Even if there was no intelligent life at all in the whole universe, if there were no humans, or other thinking creatures, mathematics would still exist, wouldn't it? Of course no one would ever find out about mathematics' existence, but its truths would just be THERE... Isn't that magnificiant? We didn't make up mathematics. It just exists and doesn't require any atoms or whatever... Do you think it is something divine?
Accepted:
April 15, 2010

Comments

Richard Heck
May 5, 2010 (changed May 5, 2010) Permalink

Thank you for this wonderful question.

I don't myself know whether to say that mathematics is something divine, but the idea that it is has a long history, going back at least to the early modern Rationalists. Many of them suggest, directly or indirectly, that, in uncovering the (as they saw it) fundamentally mathematical principles that describe the operation of the universe—this is the very birth of mathematical physics—one is thereby limning the very thoughts of the Creator, which gave birth to, and continually sustain, the universe. Even today, one often reads remarks by physicists (and other scientists) that have a similar bent: that there is an astonishing beauty to the fundamental laws that, in some way, seems to provide a glimpse of the divine. Note that this essentially aesthetic response needs to be sharply distinguished from any form of the argument from design.

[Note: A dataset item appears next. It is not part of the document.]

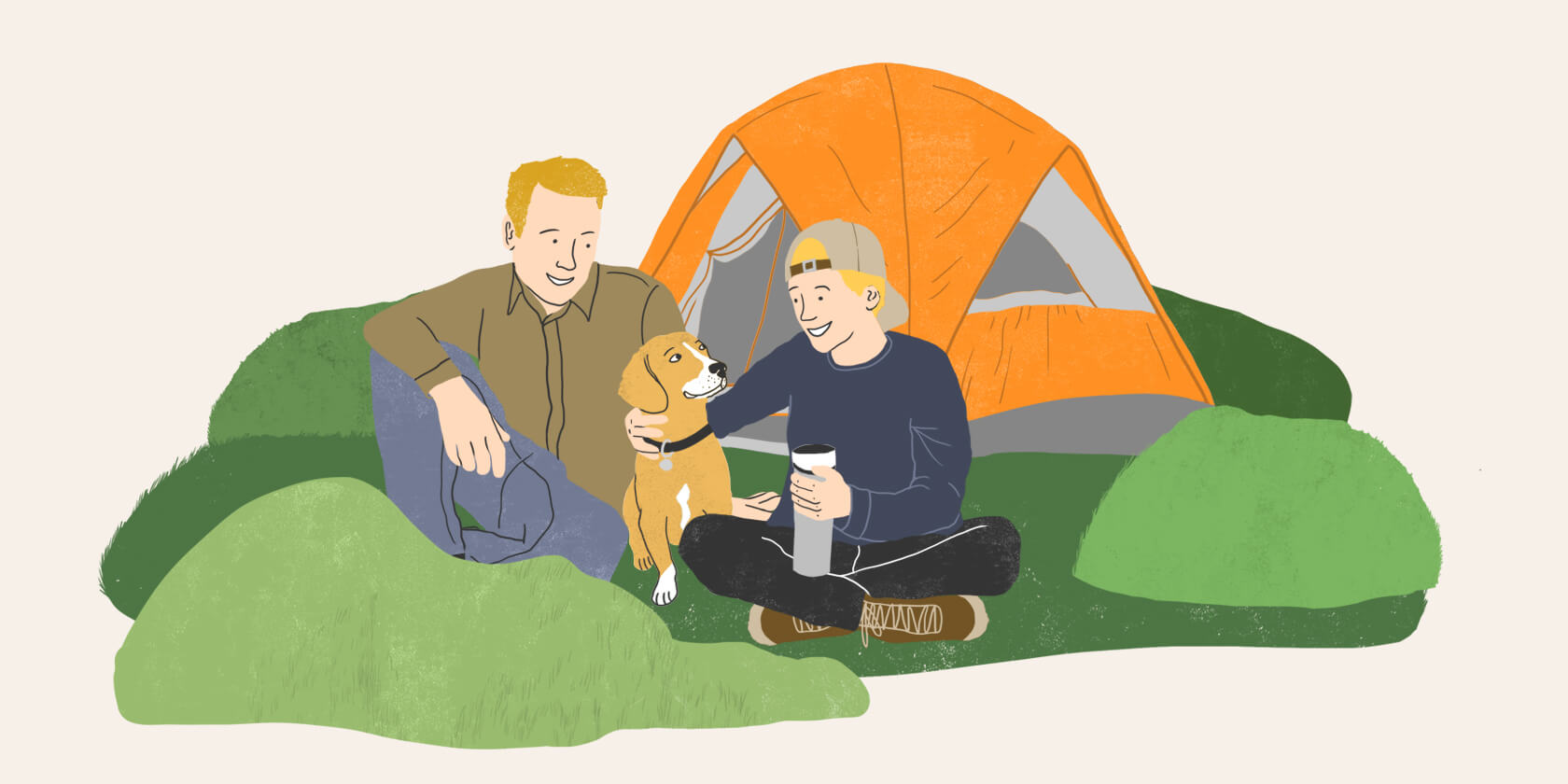 Owner and dog sitting at camping grounds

It is not that people think, "Well, this is all so incredible, someone had to design it". It's more, "Wow", followed by an indescribable feeling that somehow everything ultimately makes some kind of sense, quite independent of us. I have in mind here a feeling of how small and insignificant one is and yet that this is OK, because one is so privileged not just to have a place in this great cosmic show, but to have had a glimpse of what the show as a whole is about.

Can the contemplation of mathematics produce that kind of Wow-feeling? I do not see why it should not. Mathematics can be tremendously beautiful, and the sense that such beauty "just is" might well inspire the "everything makes sense" feeling.